Ein langer Weg: Sebastian Coe: Vom Läuferass zum Olympia-Chef

Sebastian Coe ist das Siegen gewohnt. Als Läufer wurde er bereits zum Idol. Seit er es geschafft hat, Olympia nach London zu holen, ist er ein Held. Wie gut die Pläne des Organisationschefs sind wird sich nun herausstellen.

Auf die Zielgerade biegt Sebastian Coe als Erster ein, ganz so, wie er es gewohnt ist. Er trägt eine weiße Turnhose und ein weißes Laufhemd.

Er läuft vorneweg, die anderen folgen ihm. Er hat den elegantesten Schritt, rund, fließend – schnelles Laufen ist auch eine Stilfrage. Gleich werden die 800 Meter zu Ende sein, zwei Stadionrunden, der Lohn für die Schinderei ist nah, und dann passiert eine Unverschämtheit.

Auf den letzten dieser 800 Meter kommt ein anderer von hinten an ihn herangerauscht, einer mit zotteligem Bart, ein Deutscher, und rennt einfach an ihm vorbei. Rennt als Erster über die Ziellinie, gewinnt dieses Rennen, bekommt die Goldmedaille umgehängt für diese Europameisterschaft 1982 in Athen. Für Sebastian Coe bleibt Silber. Kein Grund zur Freude. Hinter der Ziellinie geht der geschlagene Favorit auf und ab, er hat die Hände in die Hüften gestemmt, beschäftigt mit sich selbst. Erschöpft, auch verwirrt sieht er aus, als wisse er auf einmal gar nicht mehr, wohin. Dem Sieger gratuliert er nicht.

Daran erinnert sich der Goldmedaillengewinner von damals bis heute. Hans-Peter Ferner, ein Bayer. Er erinnert sich, und es klingt kein Vorwurf darin mit. Er sagt: „Coe hat wohl nicht mit der Niederlage gerechnet.“ Verlieren war nicht vorgesehen, wenn Sebastian Coe ins Rennen geht. Anfang der 80er Jahre war der Brite der beste Mittelstreckenläufer der Welt.

Auch er ist für seine Beine berühmt: Sprintass Usain Bolt

Wenn an diesem Freitag um Mitternacht das olympische Feuer im Stratford Stadion entzündet wird, dann hat er bewiesen, dass er auch Langstrecke kann.

Sebastian Coe, heute 55, ist Vorstandsvorsitzender des London Organising Committee of the Olympic Games and Paralympic Games, kurz Locog, der Cheforganisator der Olympischen Spiele.

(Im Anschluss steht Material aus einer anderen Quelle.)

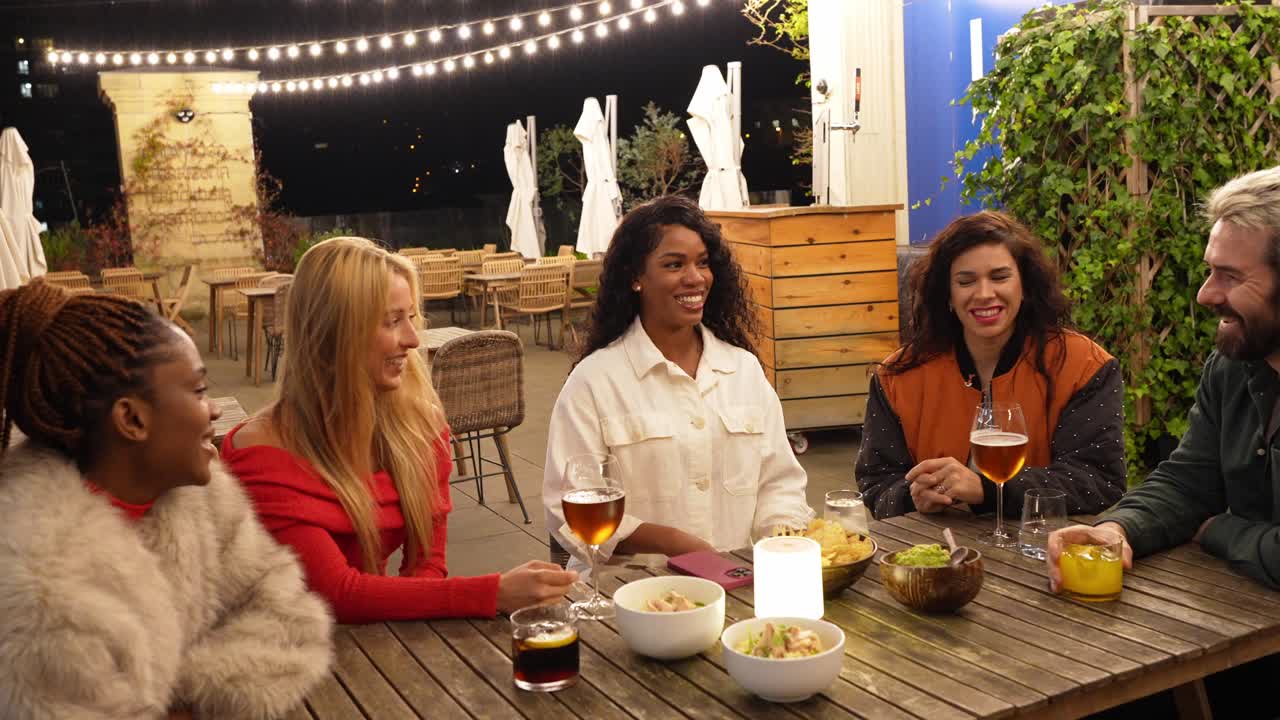 Gente disfrutando de una cena en un restaurante al aire libre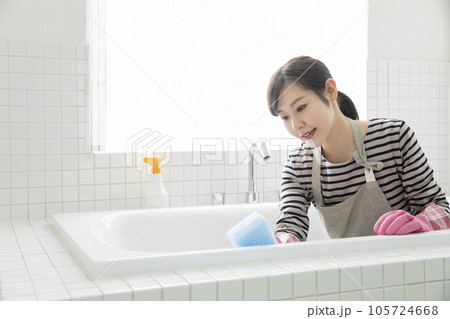 お風呂掃除をする若い女性　主婦　家事 105724668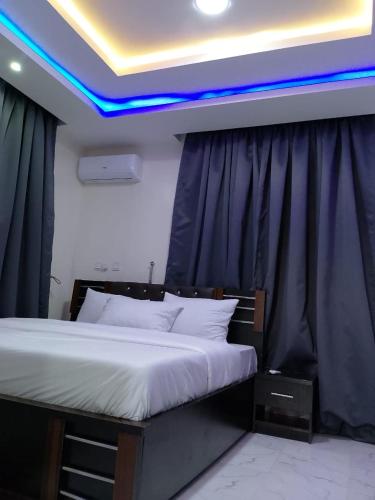 JKA1-Bedroom Luxury Serviced Apartment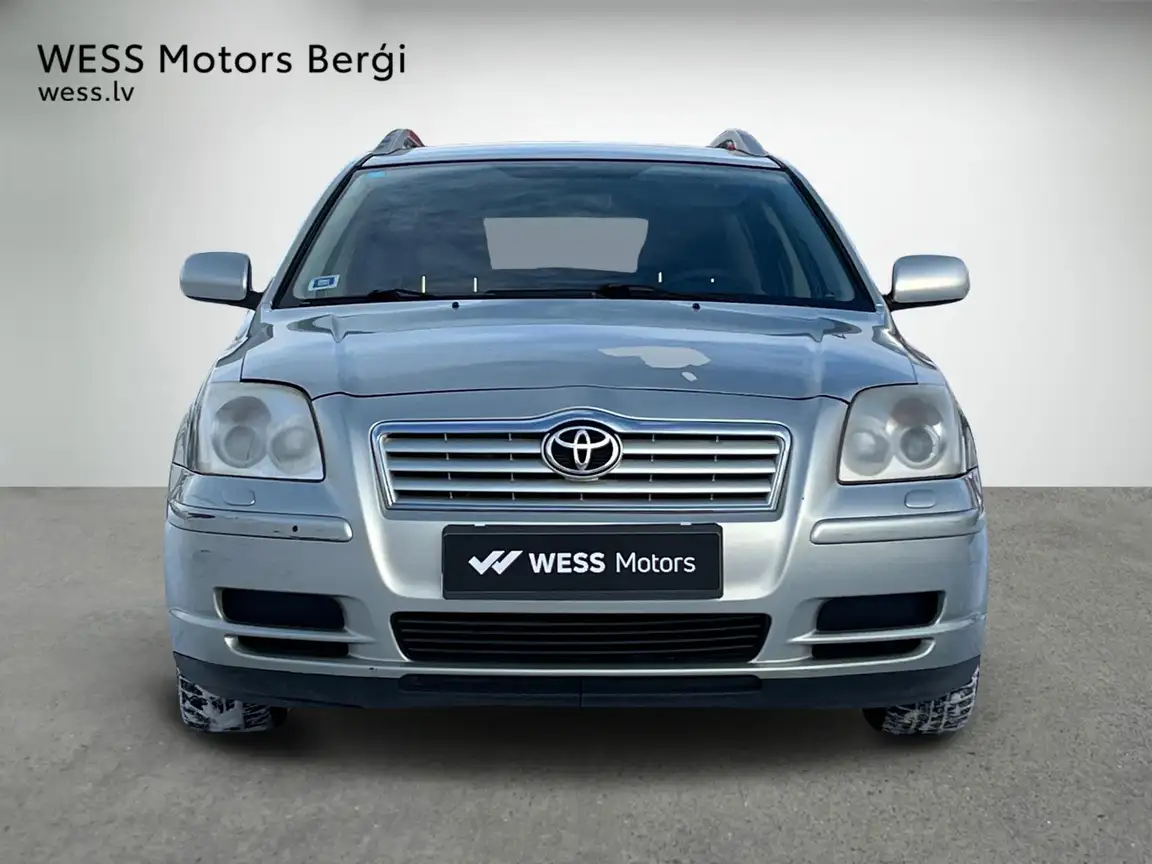 TOYOTA AVENSIS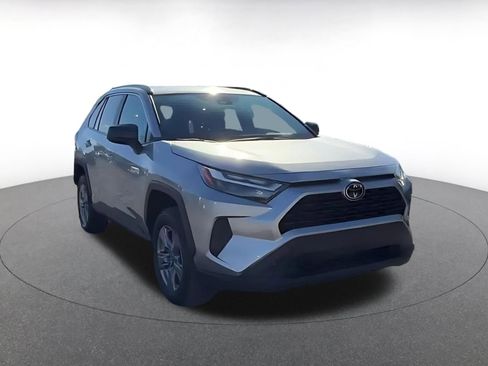 Used 2025 Toyota RAV4 LE image 3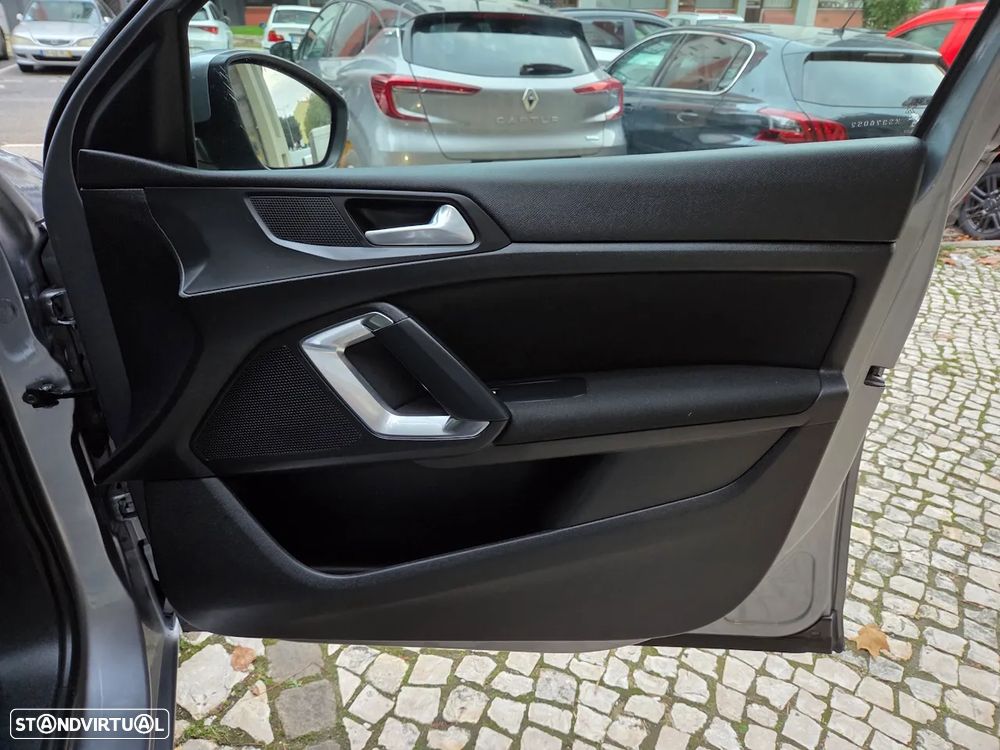 Peugeot 308 PureTech 130 GPF EAT8 Stop & Start Tech Edition - 20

Er ist der Mann, der am 6. Juli 2005 in der dampfenden Hitze von Singapur stand und vor den 110 Mitgliedern des Internationalen Olympischen Komitees die Rede seines Lebens hielt – sie brachte London den Zuschlag für die Spiele. Großbritannien hat Coe damit zu seinem ersten sportlichen Weltereignis seit der Fußball-WM 1966 verholfen und ist nunmehr so etwas wie eine Ikone. Daher wird, wenn jetzt mehr als sieben Jahre nach dem Zuschlag die Eröffnungsfeier beginnt, die eine Milliarde Fernsehzuschauer einschalten wollen, die 200 Präsidenten, Premierminister und Mitglieder von Königsfamilien auf die Tribüne holen wird, niemand mehr im Scheinwerferlicht stehen als Sebastian Coe.

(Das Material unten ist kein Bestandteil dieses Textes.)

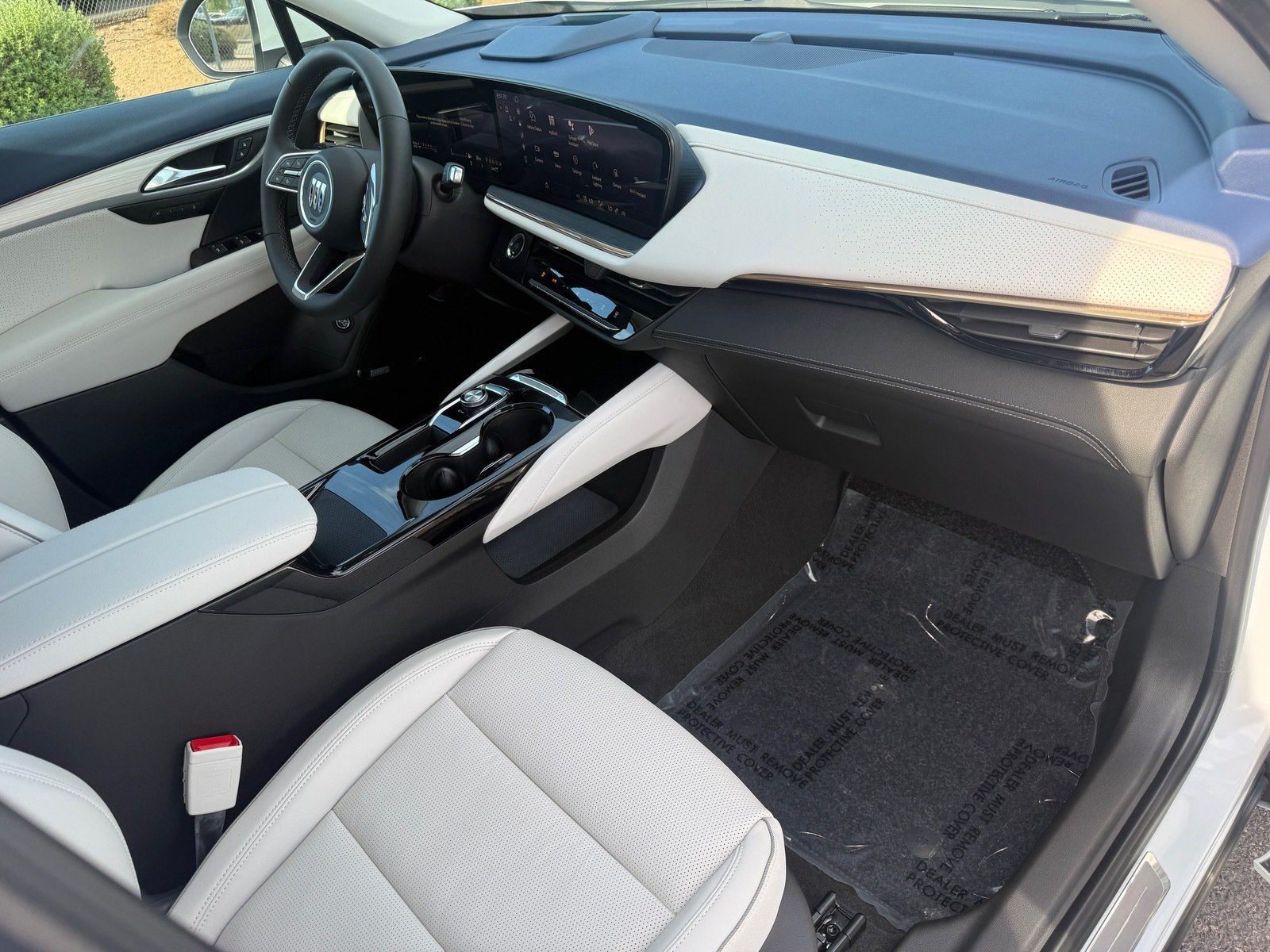 Used 2025 Buick Envision Avenir AWD/4WD image 29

Lord Coe darf er angeredet werden, mit vollem Titel heißt er Baron Coe von Ranmore, aber ihm selbst reicht, ganz Sportler, „Seb“. Diese Namen passen zu einem Mann, der kein schnelles Bild von sich malen lässt. Er ist gutaussehend, gut angezogen, intelligent, eloquent, extrem ehrgeizig, ein Charismatiker, er ist durchsetzungsstark, kann mitreißend sein und dann auch wieder kühl. Dass er nach seiner sportlichen Karriere in die Politik strebte, hat ihm beim Werben für London als Olympiaort sicher nicht geschadet.

Bildergalerie: Vorfreude in London

Als Kandidat der Konservativen trat Coe bei den Unterhauswahlen 1992 an und gewann seinen Wahlkreis in Cornwall. Den verlor er bei den folgenden Wahlen 1997 aber wieder. Coe war dann eine kurze Zeit Stabschef von Parteichef William Hague, und 2000 wurde er in den Adelsstand erhoben.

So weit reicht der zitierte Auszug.